> Aim of the task: From the listing that follows, reproduce only the lines from the one holding "Blouse d'école pour" through the one holding "0.56 ct White", both included, with no pictures.

> Stored data:
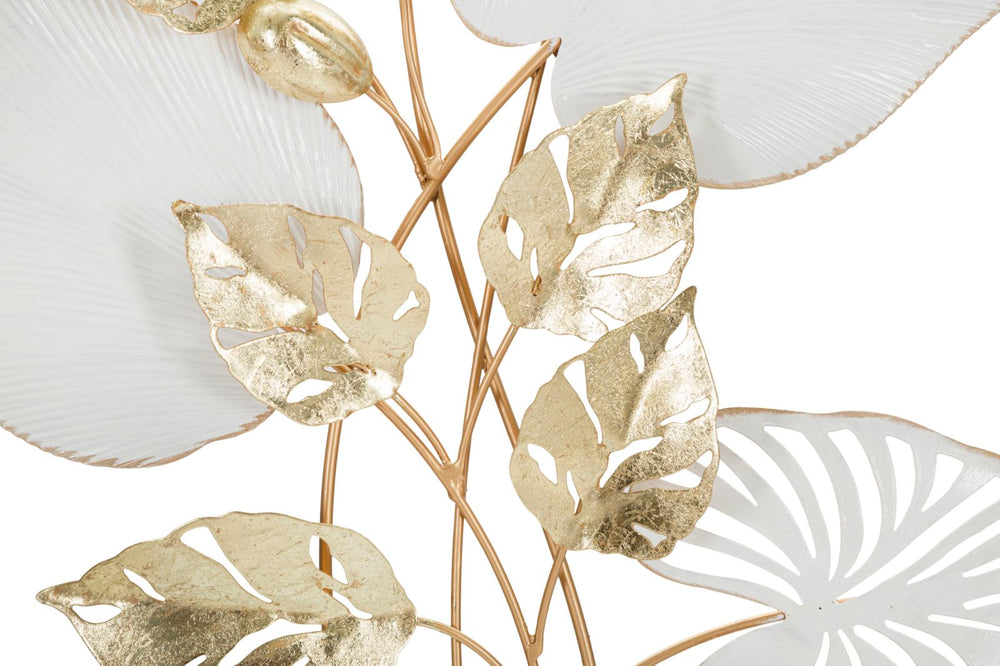 Gold und Weiß Metall Blume und Blatt Muster Wanddekoration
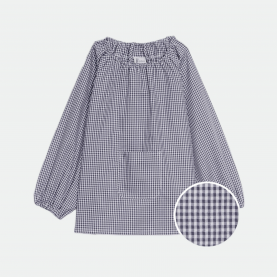 Blouse d'école pour fille vichy bleu gris de la marque Le Tablier Bobine.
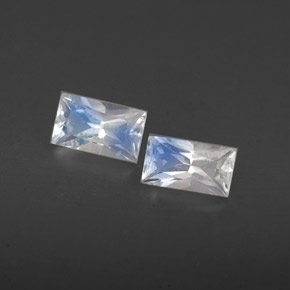 0.56 ct White Rainbow Moonstone Gemstone, Rainbow Moonstone Gem in Baguette / Scissor Cut Shape for Sale.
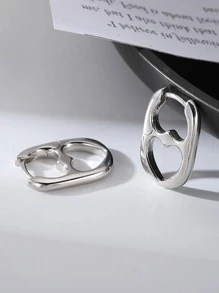 1 cặp hoa tai vòng hình trái tim rỗng thời trang dành cho phụ nữ để trang trí hàng ngày cho ngày lễ tình nhân, mẹ, mẹ, ngày của mẹ, quà tặng - Bạc - Xem 4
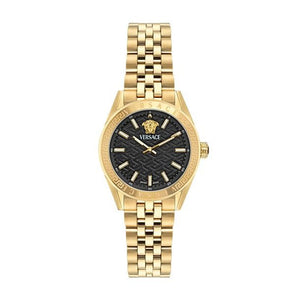 Versace V-Code Quartz Black Dial Gold Steel Strap Watch for Women - VE8I00724 Buy Now By Versace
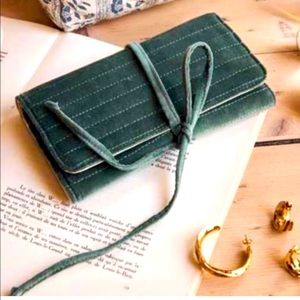Sezane New Green Velvet Jewlery Pouch NWOT
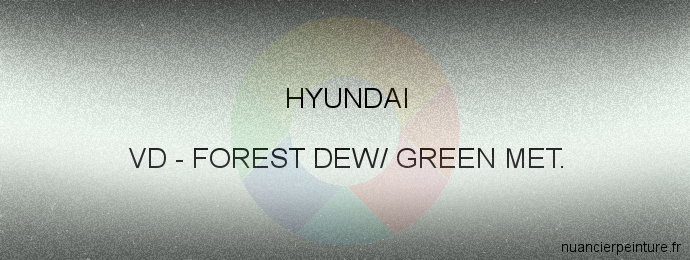 Peinture Hyundai VD Forest Dew/ Green Met.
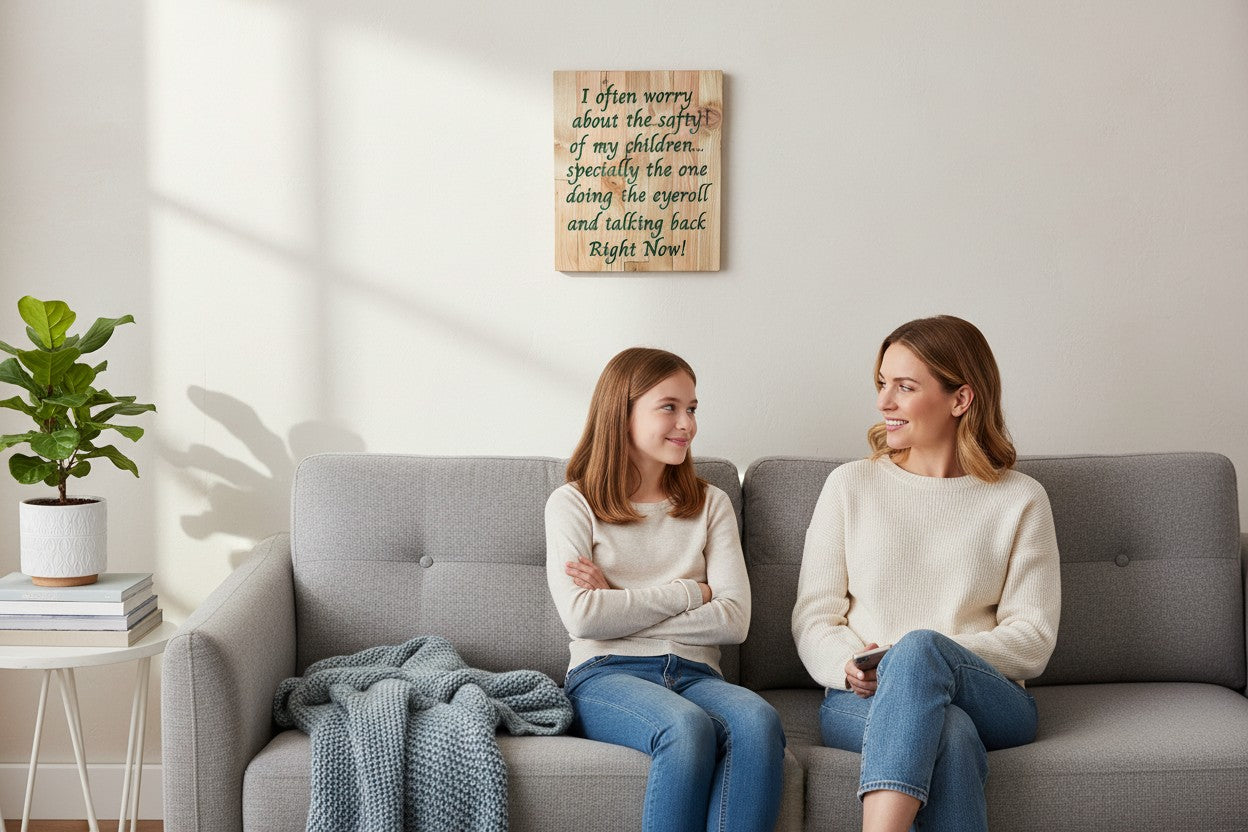 TK Wood Designs wooden sign with funny saying about children's eye-rolling and talking back. Natural wood.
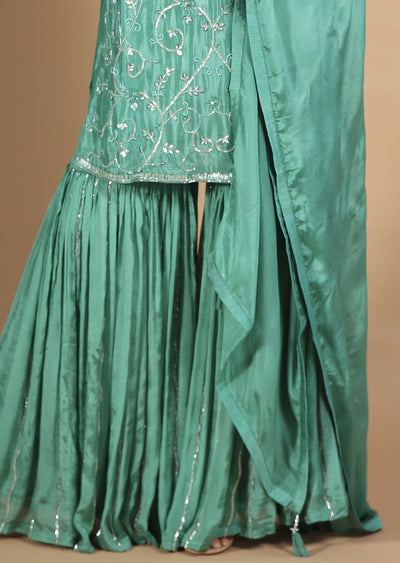 Light Green Chinnon Gharara Set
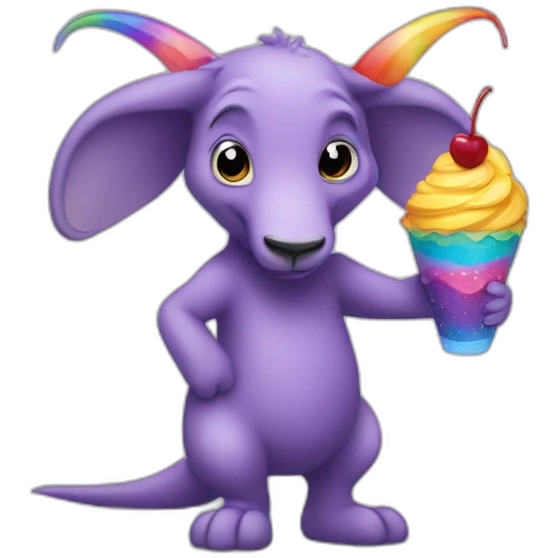 Full body Purple aardvark with a long nose holding a rainbow parfait emoji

> Your solution:
 Blouse d'école pour fille vichy bleu gris de la marque Le Tablier Bobine.
 0.56 ct White Rainbow Moonstone Gemstone, Rainbow Moonstone Gem in Baguette / Scissor Cut Shape for Sale.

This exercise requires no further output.